Per loro era solo un tentativo tra i milioni di tentativi che vengono fatti ogni giorno, ma quell’embrione era mio figlio e non c’era più. Forse non c’era mai stato e forse anche una parte di me se ne era andata in quell’illusione. Se potessi tornare indietro? Eviterei assolutamente questo percorso così doloroso e illusorio per tante coppie. Con il tempo abbiamo compreso che non dovevamo fabbricarci dei figli, perché erano già nati e ci stavano aspettando dall’altro lato del mondo. Siamo andati in Bulgaria e li abbiamo ritrovati. Siamo felici? Sì, la nostra famiglia oggi è completa. 
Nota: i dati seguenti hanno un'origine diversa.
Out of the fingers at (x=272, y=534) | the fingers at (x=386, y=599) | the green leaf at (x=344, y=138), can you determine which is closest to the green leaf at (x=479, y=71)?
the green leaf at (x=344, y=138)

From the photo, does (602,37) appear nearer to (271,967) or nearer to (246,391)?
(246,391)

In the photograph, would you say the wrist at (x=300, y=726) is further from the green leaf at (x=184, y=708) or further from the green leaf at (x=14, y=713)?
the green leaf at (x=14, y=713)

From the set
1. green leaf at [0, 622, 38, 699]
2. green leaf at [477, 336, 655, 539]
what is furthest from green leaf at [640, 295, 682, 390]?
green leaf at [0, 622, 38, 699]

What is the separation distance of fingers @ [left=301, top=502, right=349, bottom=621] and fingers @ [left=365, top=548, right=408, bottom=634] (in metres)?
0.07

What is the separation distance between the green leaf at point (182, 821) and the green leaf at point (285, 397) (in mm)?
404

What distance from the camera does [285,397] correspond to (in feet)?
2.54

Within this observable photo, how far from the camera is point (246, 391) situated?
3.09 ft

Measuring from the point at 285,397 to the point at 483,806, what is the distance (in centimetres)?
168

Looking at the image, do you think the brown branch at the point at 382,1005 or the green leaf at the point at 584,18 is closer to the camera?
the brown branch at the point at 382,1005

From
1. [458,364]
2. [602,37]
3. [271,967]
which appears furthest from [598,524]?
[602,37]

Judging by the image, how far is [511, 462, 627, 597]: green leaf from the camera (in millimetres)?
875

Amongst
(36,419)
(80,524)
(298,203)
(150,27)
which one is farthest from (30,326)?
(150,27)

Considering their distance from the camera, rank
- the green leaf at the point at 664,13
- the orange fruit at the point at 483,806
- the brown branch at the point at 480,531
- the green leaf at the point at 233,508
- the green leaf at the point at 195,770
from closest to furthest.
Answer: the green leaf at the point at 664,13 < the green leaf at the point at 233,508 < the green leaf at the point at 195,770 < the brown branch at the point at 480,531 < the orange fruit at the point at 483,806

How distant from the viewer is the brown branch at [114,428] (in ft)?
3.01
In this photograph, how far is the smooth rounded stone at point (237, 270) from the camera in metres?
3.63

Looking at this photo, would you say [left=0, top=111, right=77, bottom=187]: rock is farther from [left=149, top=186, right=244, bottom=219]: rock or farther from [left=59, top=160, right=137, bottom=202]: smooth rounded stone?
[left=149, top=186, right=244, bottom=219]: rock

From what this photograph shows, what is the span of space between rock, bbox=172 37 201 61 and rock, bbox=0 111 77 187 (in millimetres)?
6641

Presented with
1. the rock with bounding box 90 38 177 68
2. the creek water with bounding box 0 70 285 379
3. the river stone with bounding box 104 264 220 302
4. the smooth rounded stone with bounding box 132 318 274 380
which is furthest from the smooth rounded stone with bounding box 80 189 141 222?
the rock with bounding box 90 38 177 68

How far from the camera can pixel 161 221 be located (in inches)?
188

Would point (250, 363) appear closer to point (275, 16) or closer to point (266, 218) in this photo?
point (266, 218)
Agli sposi che non possono generare la vita naturalmente diciamo con tutto il cuore che Dio chiama le coppie come noi ad una missione più grande. Ci chiede di aprire il cuore a 360° per accogliere la vita di quelle creature abbandonate e non curate da coloro che li hanno generati. In fondo siamo tutti genitori adottivi, anche San Giuseppe e la Vergine lo erano. Accudiamo i figli di Dio che noi abbiamo il dovere di generare prima con il cuore e poi con il corpo. Stiamo lì a perdere tempo, soldi ed energie accanendoci sul nostro corpo con ogni sorta di stimolazione o intervento quando basterebbe guardare oltre la siepe del nostro egoismo per trovare tutti i bambini nel mondo che attendono la loro mamma e il loro papà.